O país está confrontado com uma profunda recessão económica e uma dramática situação social. Uma realidade que, sendo inseparável de mais de 35 anos de política de direita, do processo de integração capitalista na União Europeia, da natureza do capitalismo e da crise, é brutalmente agravada com a concretização pelo actual governo do programa de agressão e submissão que PS, PSD e CDS subscreveram com o FMI e a União Europeia.

Depois de uma década de estagnação económica com períodos recessivos - registando a pior evolução de toda a Zona Euro - a concretização nos últimos meses das chamadas medidas de austeridade, submetidas à ditadura do “défice” e aos interesses do grande capital, colocam no horizonte, não a resolução dos principais problemas do país, mas uma prolongada recessão económica e enorme regressão das condições de vida do povo português durante as próximas décadas.

Os últimos dados divulgados pelo INE sobre a evolução da economia portuguesa têm tanto de assustador como de aviso: no primeiro semestre do ano assistimos a quebras históricas em termos homólogos no consumo público -4,5%, no consumo privado -3,4% e no investimento -12,5%. Valores que confirmam uma perigosa espiral de afundamento do país e que ameaçam pulverizar as já de si assustadoras estimativas que apontam para uma quebra em Portugal do Produto Interno Bruto de - 2,2% em 2011 e de -1,8% em 2012.

Por tudo isto, fazer face às despesas da educação exige das famílias um esforço de sobrevivência injusto, fruto da desresponsabilização do Estado e do colossal corte do investimento público para a educação.

O relatório "Indicadores Sociais 2007" do Instituto Nacional de Estatística revelou que a educação foi a parcela do orçamento das famílias portuguesas que mais cresceu entre 2001 e 2007. Segundo o relatório do INE, no período de 2001 a 2007, "as classes de despesa das famílias que registaram maiores aumentos de preços foram a Educação (+42,8%) (…) e transportes (+28,5%)".

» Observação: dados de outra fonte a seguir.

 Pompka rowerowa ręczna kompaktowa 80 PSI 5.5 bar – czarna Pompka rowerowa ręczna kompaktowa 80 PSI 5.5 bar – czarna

Na anterior legislatura, as decisões do Governo PS sobre o aumento do preço dos manuais escolares já haviam conduzido a um aumento significativo dos seus custos para as famílias. O actual Governo PSD/CDS pretende cortar de mais de 500 milhões de euros no orçamento para a educação em 2012, depois do corte de 800 milhões em 2011, num contexto de grande contracção do rendimento disponível das famílias e de um aumento significativo com os custos directos que querem impor na educação. Estes cortes terão como efeito a transferência crescente dos custos com a educação para as famílias, levando ao abandono precoce da escola de milhares de jovens e a profundas desigualdades nas condições em que se desenvolve o percurso escolar de cada criança e jovem.

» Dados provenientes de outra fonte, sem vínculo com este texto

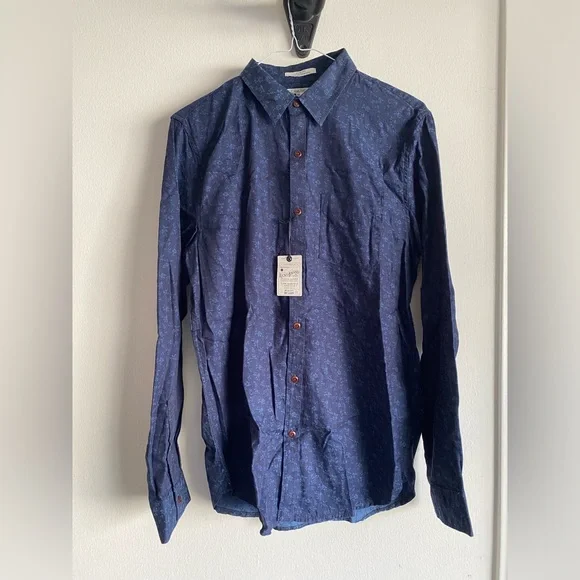 Lucky Brand | Shirts | Bnwt Lucky Brand Blue Floral Print Button Up Shirt S  | Poshmark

O sistema educativo e a Escola Pública estão hoje confrontados com um conjunto de problemas que só terão solução num contexto de rejeição do programa de agressão que está em curso e de ruptura com a política de direita, abrindo caminho a uma outra política educativa que assuma a educação como um valor estratégico fundamental para o desenvolvimento do País e para o reforço da identidade e soberania nacional, com prioridade para um efectivo combate ao abandono e ao insucesso escolar e educativo. É neste quadro que se confirma e reforça a necessidade de um regime de certificação e adopção dos manuais escolares, garantindo a sua gratuitidade aos alunos em escolaridade obrigatória do ensino público.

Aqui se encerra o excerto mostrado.